EXERCISE PROMPT = Please print each record below exactly as it is written.

☆ ☆ ☆ ☆ ☆ ☆ ☆

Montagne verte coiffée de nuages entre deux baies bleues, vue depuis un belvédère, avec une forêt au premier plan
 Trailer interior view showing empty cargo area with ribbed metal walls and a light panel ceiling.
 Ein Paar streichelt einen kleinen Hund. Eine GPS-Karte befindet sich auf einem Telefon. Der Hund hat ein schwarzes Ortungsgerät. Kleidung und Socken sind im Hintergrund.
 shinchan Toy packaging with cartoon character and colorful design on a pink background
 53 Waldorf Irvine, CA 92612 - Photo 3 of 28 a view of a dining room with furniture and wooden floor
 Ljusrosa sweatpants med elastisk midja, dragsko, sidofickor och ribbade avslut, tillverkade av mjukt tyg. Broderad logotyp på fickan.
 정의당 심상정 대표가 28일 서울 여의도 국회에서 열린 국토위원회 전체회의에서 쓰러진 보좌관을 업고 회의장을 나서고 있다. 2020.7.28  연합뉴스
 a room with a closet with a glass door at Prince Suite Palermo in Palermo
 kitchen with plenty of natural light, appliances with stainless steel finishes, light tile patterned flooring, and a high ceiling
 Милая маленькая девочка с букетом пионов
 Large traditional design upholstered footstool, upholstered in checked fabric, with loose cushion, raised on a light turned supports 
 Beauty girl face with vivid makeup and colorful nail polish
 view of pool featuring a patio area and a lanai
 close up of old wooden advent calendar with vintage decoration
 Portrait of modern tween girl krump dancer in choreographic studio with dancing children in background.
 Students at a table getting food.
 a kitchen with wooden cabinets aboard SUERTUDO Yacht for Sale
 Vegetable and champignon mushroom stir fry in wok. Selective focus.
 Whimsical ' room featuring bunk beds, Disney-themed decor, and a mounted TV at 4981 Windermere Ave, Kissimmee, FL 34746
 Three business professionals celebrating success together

☆ ☆ ☆ ☆ ☆ ☆ ☆

ANSWER BOX =
Montagne verte coiffée de nuages entre deux baies bleues, vue depuis un belvédère, avec une forêt au premier plan
 Trailer interior view showing empty cargo area with ribbed metal walls and a light panel ceiling.
 Ein Paar streichelt einen kleinen Hund. Eine GPS-Karte befindet sich auf einem Telefon. Der Hund hat ein schwarzes Ortungsgerät. Kleidung und Socken sind im Hintergrund.
 shinchan Toy packaging with cartoon character and colorful design on a pink background
 53 Waldorf Irvine, CA 92612 - Photo 3 of 28 a view of a dining room with furniture and wooden floor
 Ljusrosa sweatpants med elastisk midja, dragsko, sidofickor och ribbade avslut, tillverkade av mjukt tyg. Broderad logotyp på fickan.
 정의당 심상정 대표가 28일 서울 여의도 국회에서 열린 국토위원회 전체회의에서 쓰러진 보좌관을 업고 회의장을 나서고 있다. 2020.7.28  연합뉴스
 a room with a closet with a glass door at Prince Suite Palermo in Palermo
 kitchen with plenty of natural light, appliances with stainless steel finishes, light tile patterned flooring, and a high ceiling
 Милая маленькая девочка с букетом пионов
 Large traditional design upholstered footstool, upholstered in checked fabric, with loose cushion, raised on a light turned supports 
 Beauty girl face with vivid makeup and colorful nail polish
 view of pool featuring a patio area and a lanai
 close up of old wooden advent calendar with vintage decoration
 Portrait of modern tween girl krump dancer in choreographic studio with dancing children in background.
 Students at a table getting food.
 a kitchen with wooden cabinets aboard SUERTUDO Yacht for Sale
 Vegetable and champignon mushroom stir fry in wok. Selective focus.
 Whimsical ' room featuring bunk beds, Disney-themed decor, and a mounted TV at 4981 Windermere Ave, Kissimmee, FL 34746
 Three business professionals celebrating success together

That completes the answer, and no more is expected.